But the executive vice president of the Walworth County Economic Development Alliance said experiencing a business failure and personal financial struggles helps him connect with businesses at a level that few economic leaders can match.


“What I’m experiencing personally is unfortunate, but it’s not a unique situation to me, nor it’s a unique situation in the rest of the world,” he said.


The Walworth County Economic Development Alliance is a partnership between businesses and county government intended to attract and support local business owners.


Some have questioned how Burkhardt can be relied on to support businesses if his personal finances are a mess.
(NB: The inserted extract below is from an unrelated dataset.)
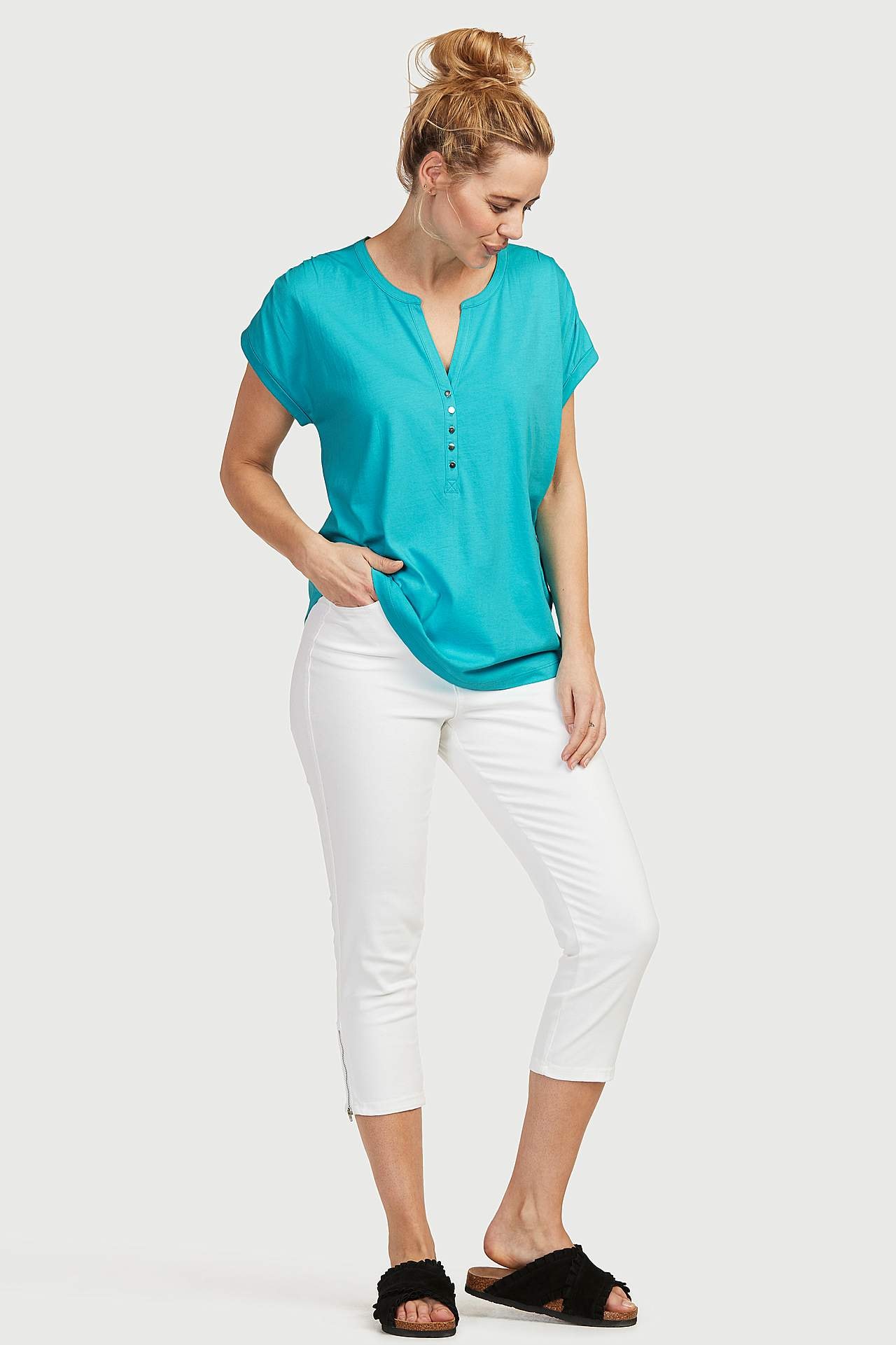 Jerseytopp med metalliske knapper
Walworth County Board Supervisor Dan Kilkenny raised concerns over Burkhardt’s personal finances and how it could affect his ability to run the economic development alliance.


Burkhardt said the $480,000 judgment against him stems from closing his Delavan restaurant, the Heritage House. He said extenuating family circumstances contributed to his inability to keep the business running.


“There were a number of family issues that played into this that neither my wife nor I had any control over,” he said. “This whole process cost us the business and this half a million dollar lawsuit.”


In these tough economic times, Burkhardt said, that’s something that could happen to any business owner.


In a letter to the county board, Kilkenny wrote that he wanted to seek an audit or financial review of the economic development alliance, partly due to Burkhardt’s “serious financial problems.”


“I am not suggesting that something is necessarily amiss with WCEDA’s finances because of the executive vice president’s personal financial problems, nor am I making any accusations,” the supervisor wrote.


“But I think that if you asked a professional auditor, they would advise that an audit would probably be in order under the circumstances.”


Kilkenny wrote that the county board’s lack of oversight and its unwillingness to judge the economic development alliance and its officials objectively would cause embarrassment to the county board.


“Also, given Mr. Burkhardt’s position and his public representations as an expert adviser and as an instructor on financial business matters, these problems may call into question his ability to credibly be the public face and manager of the organization or promote its programs,” he wrote.


County board supervisors last month decided against considering the subject.


Burkhardt said his job performance is unaffected by his financial struggles. During the time he lost his business and accrued $480,000 in debt, he brought in about $5.7 million worth of grants to county businesses, he said.


And Burkhardt is not hiding anything.


“It somewhat amazes me that the county board would think about looking at this now, when it’s been out in public for a while,” he said. “I’ve never denied it. Anybody who knows me knew about it.”